Forget the Car

After a long day of pure fatigue, a “lightheaded” stomach, and a stiff neck I post as my status:

fatigue (n.) weariness from exertion such as sitting up or standing, lethargy,
tendency to prostrate position, desire for salad and strawberries alone,
mental wit with all outlets for expression exhausted [excluding FB].

I’m not depressed in the least.  I’m still in that interesting frame of mind where abstract is foreign and holds little meaning.  Another side of my sense of humor seems to have come out too.  I like it.  I was taking the day as it went, and pondering objectively.  My emotions have bene in balance today.  Still, I’m thinking “It’s times like these, that make me wonder how in the world I could make a steady income.  These down spells have got to stop.  I can’t even accomplish volunteer work or my daily reading schedule.  I’ll find an answer….it’s got to change.”  A friend posted that I should tap for the fatigue, so I did.  It definitely helped!

Then I was wanting to make a page on my blog (my mind got busy and I had the energy to sit up a bit, see!) about things that help resolve a herx.  That’ll be up sometime soon.  I also wanted to see if I could find that page that an FB friend wanted me to post to.  This led to a sort of renewal of hope for a quicker cure:

I have been saving up to buy a car.  But I think I may be redesignating that savings!!!

Who has heard of Advanced Cell Training??  Well, when I was still really sick back in February a bunch of people were “like”ing ACT on FB.  I just wanted to know what it was, so I asked for information.  I got the information packet, which I merely skimmed, and also a courteous phone call, about which I remember little:  just that the concept made tons of sense but I couldn’t afford it even at its modest price.  I put the information packet in a pile of other things and forgot about it.  Until tonight.
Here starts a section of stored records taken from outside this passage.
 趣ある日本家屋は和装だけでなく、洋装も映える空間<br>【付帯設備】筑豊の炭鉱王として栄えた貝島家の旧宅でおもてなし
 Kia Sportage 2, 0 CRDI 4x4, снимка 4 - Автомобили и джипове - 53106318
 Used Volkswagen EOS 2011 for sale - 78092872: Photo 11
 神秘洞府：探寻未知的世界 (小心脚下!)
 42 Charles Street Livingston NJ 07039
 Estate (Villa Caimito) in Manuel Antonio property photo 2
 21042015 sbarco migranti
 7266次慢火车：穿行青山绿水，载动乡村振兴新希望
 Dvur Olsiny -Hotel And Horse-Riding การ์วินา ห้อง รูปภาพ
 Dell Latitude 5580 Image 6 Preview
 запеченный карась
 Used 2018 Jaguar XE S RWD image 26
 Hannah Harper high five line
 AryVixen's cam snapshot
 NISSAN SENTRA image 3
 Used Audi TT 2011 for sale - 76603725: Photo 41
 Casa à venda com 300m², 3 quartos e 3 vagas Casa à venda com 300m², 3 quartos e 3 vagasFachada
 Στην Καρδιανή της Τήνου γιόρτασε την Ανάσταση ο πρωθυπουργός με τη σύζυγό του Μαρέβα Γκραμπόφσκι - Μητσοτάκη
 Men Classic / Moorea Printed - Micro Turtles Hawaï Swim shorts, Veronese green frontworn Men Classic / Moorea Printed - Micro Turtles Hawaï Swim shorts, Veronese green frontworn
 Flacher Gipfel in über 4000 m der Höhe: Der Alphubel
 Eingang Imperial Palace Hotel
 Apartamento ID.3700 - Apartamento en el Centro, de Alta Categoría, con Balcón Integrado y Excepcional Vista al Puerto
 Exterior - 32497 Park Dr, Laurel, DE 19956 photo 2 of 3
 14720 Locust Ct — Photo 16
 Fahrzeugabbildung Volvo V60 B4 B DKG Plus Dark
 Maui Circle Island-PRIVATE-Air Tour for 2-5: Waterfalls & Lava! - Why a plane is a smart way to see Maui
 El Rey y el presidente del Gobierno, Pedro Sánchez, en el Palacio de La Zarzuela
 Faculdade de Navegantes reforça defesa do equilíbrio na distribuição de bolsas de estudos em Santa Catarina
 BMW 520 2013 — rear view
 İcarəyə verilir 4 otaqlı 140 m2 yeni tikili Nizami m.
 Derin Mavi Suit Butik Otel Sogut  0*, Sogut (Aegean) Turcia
See, the thing I was looking to reply to was related to the ACT FaceBook Page.  I couldn’t find it but some comments on the pages were impressing me.  I don’t go for the straight up “we’re trying to sell you something.”  It was nice to see clients of ACT interacting, I could see the change, compared to FB postings from months earlier.  Their negative tones had faded away, and I didn’t even notice until I was seeing their happy chatty banter on the ACT wall.

I just had to find that packet.  Where did I put it.  Dang, I wanted to be asleep at midnight…it’s midnight and my mind is saying giving me the great big “Research Time:  this may be the answer” billboard.  There’s no way I can sleep now till I know some more.

Aha!  there’s the packet!!  I skim the notarized testimonies and read the articles in the magazine thing.  I put the DVD in the drive, and watch it.  I am sitting  in bed and 12:30am watching this marvelously nerdy video full of the spirit of free enterprise.  AND there is so much good stuff in it that I’m sitting her clapping or saying Amen.  I’m normally only this excited about a sermon or Klinghardt or some geeky rap-to-your-health.  This is good stuff.  My inner skeptic is screaming, but it’s been screaming long enough.  The principles are sound, and I know it.  The inner skeptic can just shut up and decide to cooperate with my soaring hope and prayers.

I’m now thinking…got about $700 in the bank saved up for a car.  Eh, forget the car (what use is a car if I’m still too sick to drive), what if I were to spend that on ACT???  That will cover a good few sessions, and I can at least make some progress.  I really need to secure a way to pay for this for as long as I may need it, as I’m seeing that alot of people are getting about 18 sessions?  My amount will cover 11.  Have to talk with mom and dad, see if they will finance it when I run out of money.  That is, until I have my own income.  My hope have also been re-inspired to re-re-reapply for jobs.  I don’t want mom and dad to have to pay at all, but if they do, then they have a few months to set aside a bit until I run out.

So, no answers until tomorrow and now I must quell my racing hopeful mind.  Sleep…  🙂

Also, if this works:  I can’t wait to show it to my LLMD…he’ll be liking it a lot too, woot!